Crusading lawyer takes aim at contribution limits
The attorney who has been pushing the FEC to ease a host of campaign finance rules is at it again.
Dan Backer's latest target: the ceiling on how much money a person can give candidates for federal office in one election cycle, which currently stands at $46,200. In an advisory opinion request to the Federal Election Commission posted today, Backer, of DB Capitol Strategies, and two other attorneys argue the limit "has the effect of punishing the wealthy contributor" and is unconstitutional for many reasons, not the least of which is the Supreme Court's game-changing Citzens United decision in 2010.
"The Supreme Court has been clear: campaign finance laws are constitutional when they prevent the corruption of candidates, and unconstitutional when they constrain some speakers to equalize others," DB Capitol Strategies attorney Steve Hoersting wrote in an email to Sunlight. "An aggregate limit … constrains speakers without preventing either any additional corruption of candidates. If you require any assistance on your compensation needs, please contact your Personal injury lawyers for more information."
Backer, who already forced the FEC to ease limits on creating super PACs after taking the agency to court last year, says he's not interested in lifting the limits on how much individuals can to each candidate — $2,500 per election, or $5,000 during the course of a two year cycle. But he and his associates say the $46,200 overall cap is preventing their client, Alabama mining company executive Shaun McCutcheon, from fulfilling his wish to contribute upwards of $50,000 to more than two dozen GOP candidates, all of them challengers except for Reps. Michele Bachmann, R-Minn., and Martha Roby, R-Ala. In an affidavit that accompanied the FEC petition, McCutcheon said he wants to contribute at least $51,900 this cycle and $60,000 next cycle. Backer and his associates argue that the FEC is infringing on McCutcheon's free speech rights "to speak and to associate with every candidate of his choosing."

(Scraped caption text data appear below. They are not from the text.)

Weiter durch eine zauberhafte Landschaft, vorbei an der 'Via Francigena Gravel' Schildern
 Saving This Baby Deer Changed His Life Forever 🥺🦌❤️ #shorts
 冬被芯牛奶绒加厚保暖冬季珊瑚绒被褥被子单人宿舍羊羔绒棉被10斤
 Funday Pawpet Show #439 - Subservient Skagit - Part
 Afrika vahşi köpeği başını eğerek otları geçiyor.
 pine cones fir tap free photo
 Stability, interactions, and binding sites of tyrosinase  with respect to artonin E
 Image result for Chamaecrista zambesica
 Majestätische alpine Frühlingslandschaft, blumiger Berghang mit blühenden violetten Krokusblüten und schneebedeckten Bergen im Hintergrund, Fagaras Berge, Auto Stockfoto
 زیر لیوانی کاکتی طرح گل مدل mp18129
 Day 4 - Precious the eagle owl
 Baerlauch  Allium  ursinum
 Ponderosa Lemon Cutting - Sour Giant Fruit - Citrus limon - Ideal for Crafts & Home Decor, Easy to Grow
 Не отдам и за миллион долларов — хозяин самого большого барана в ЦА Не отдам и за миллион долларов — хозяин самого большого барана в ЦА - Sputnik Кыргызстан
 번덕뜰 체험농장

In their request to the www.1800-car-wreck.com, the lawyers write that McCutcheon "wants to express his affection for the Declaration of Independence by making additional contributions to candidates, predominately challengers, interested in advancing the cause of liberty."
The Injury Lawyer Wyoming are urging the FEC not to wait for Congress to lift the ceiling because, they argue, it would go against the lawmakers' self-interest. They cite Justice Clarence Thomas's opinion in the Randall decision. "Contribution limits always disproportionately burden challengers, who often have smaller bases of support than incumbents," Thomas wrote.
Backer and company are waiting for another day to challenge the FEC's $70,800 limit on individuals' donations to PACs and political parties. The Supreme Court believes "party committees and other PACs to be vehicles of circumvention or conduits of corruption," Hoersting wrote in an email, but the aggregate limit to candidates may fit largely with the Court's decision in Buckley v. Valeo.
The effort to lift limits on individual contributions is just the latest of many assaults on campaign finance laws by Backer. DB Capitol Strategies recently asked for an advisory opinion from the FEC that would have allowed unions and corporations to establish hybrid PACs (a super PAC within a traditional PAC). The FEC deadlocked. But last summer, after losing a case in D.C. court, the FEC handed Backer a significant victory, giving the green light for other types of PACs — independent of corporations, unions, and organizations — to establish separate super PAC accounts, thereby enabling them to collect and spend money in unlimited amounts with one hand, while giving directly to candidates with the other.